I think I asked people about this on this blog a while ago and people were not impressed with NYFA
I don't know what people need film school for. Sure, if your parents are willing to support you for three years while you get a "terminal degree" (i.e. you can teach with an MFA), why not? But otherwise, why not put yourself through Robert Rodriguez Film Academy: get a camera and shoot a bunch of movies. The MFA credential does not open doors for you in show business. Cool looking if roughly produced short films do. And these days with very respectable "prosumer" cameras going for under a thousand bucks, and very fine editing software available for your Mac, why go to film school?
It used to be that film school would hook you up with people who'd work on your student films. But with the Internet, you can find those people yourself, if you have a little bit of initiative. (And if you don't, don't go into showbiz.)
Personally, I went to UCLA film school. I learned a few things there. I had a few truly great professors -- Richard Marks comes to mind. Okay, I had one truly great professor, in editing. But I learned infinitely more in my first full time job than I did in school.
As I've said before, if you're in Canada, it's a different story. The CFC turns out a disproportionate percentage of successful show people. It is really THE national film and TV school. But in the US, the business is too big for one school to dominate, and a degree will get you no respect at all.

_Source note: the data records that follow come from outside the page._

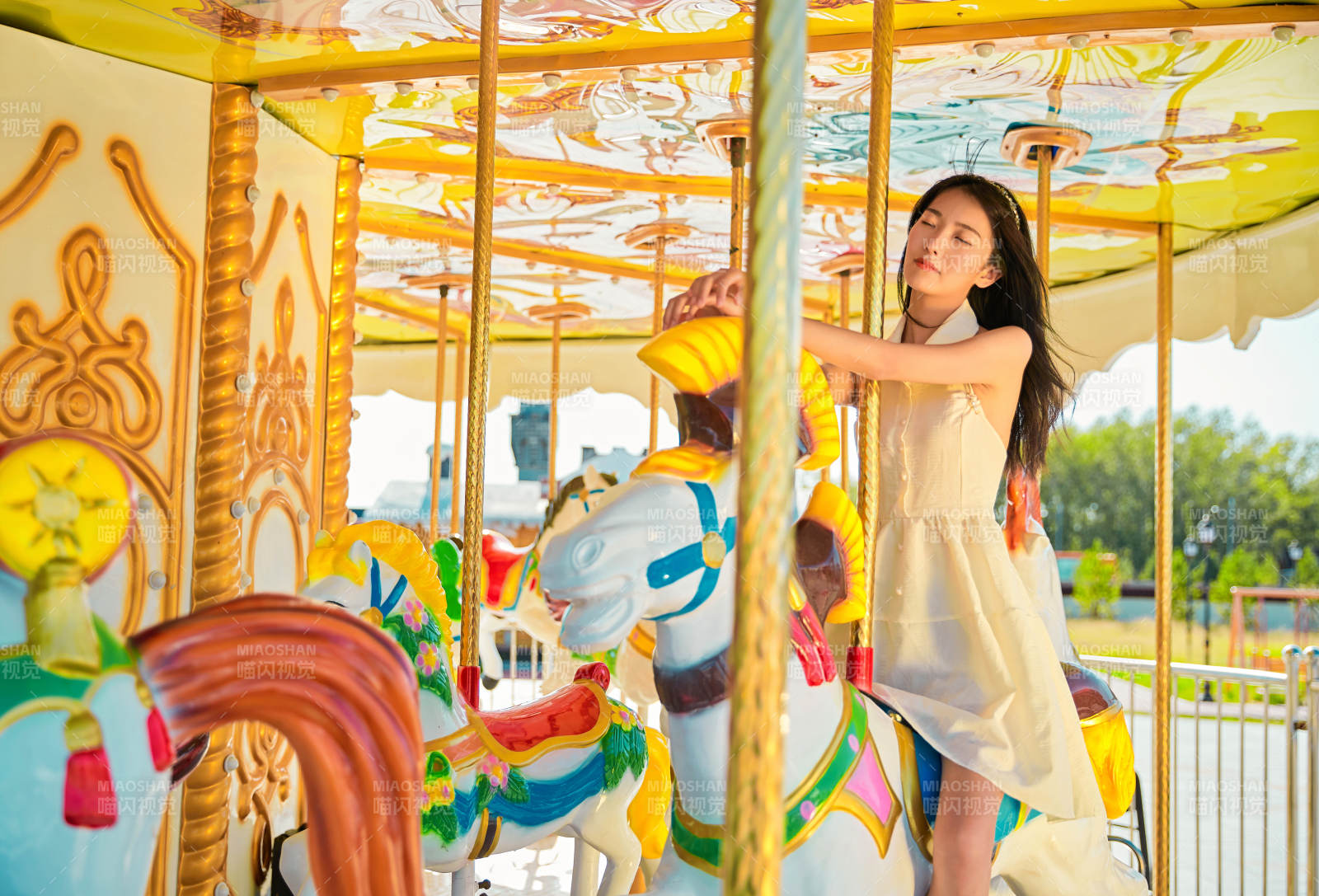 在游樂園坐旋轉木馬的可愛少女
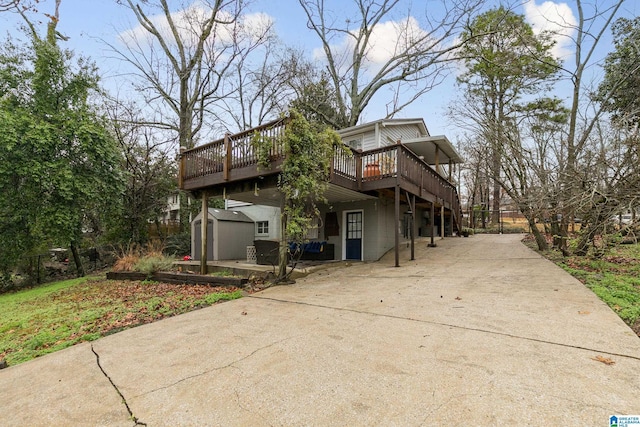 view of home's exterior featuring a deck and a storage shed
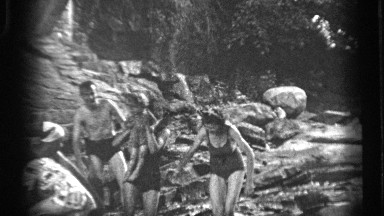 1938: a family enjoying a local water spot together while playing. CLEVELAND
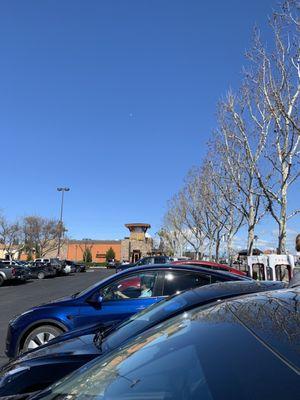 Tesla charging near Lazy dog restaurant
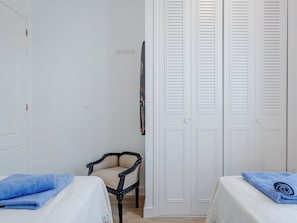 A room with two beds, a chair, and a white door with louvered shutters. - Club Sevilla I by Interhome (Oliva)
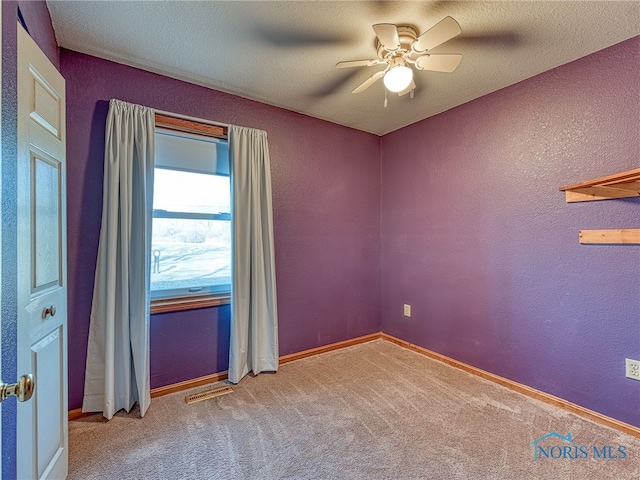 carpeted spare room featuring visible vents, baseboards, a textured wall, a textured ceiling, and a ceiling fan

I don't know, Alex. I have a different take on it. I didn't have to go to UCLA to learn about how to write a script. I have the background, and I think the writing chops to figure it out on my own. But I think film school is MUCH more than that. I've used UCLA as a hammer when exploiting various opportunities that have come my way, which could or couldn't have occured with film school. It's like a college degree. It's not particularly necessary for success in life (my personal business idol Richard Branson doesn't have one and he's okay), but it can help you in your ultimate quest. I guess what I'm saying is that if you go to film school thinking it's the magic elixer for getting into the industry, it's not. But it can be a place to focus on your craft, learn different techniques, and then figure out what you're good at and what you're crap at. And if you're smart, you'll exploit it for all that it's worth. If not, it'll simply be a nice cocktail convo point used to impress. But hell, that's undergrad too.
You mention using the internet to find out how to contact people and I was wondering what is the proper way to contact people who I heard giving lectures at the Screenwriting Expo? I don’t want to ask for a job or for them to read my script, I just wish to thank them and ask them follow-up questions. Is it better to go through their agent or the TV show that they work on?
I know someone who went to NYFA. It was expensive, she enjoyed the year in NYC, but I don't think it is very useful in terms of practical knowledge, very airy fairy alt film atmosphere. She's not employed in the industry, if that helps.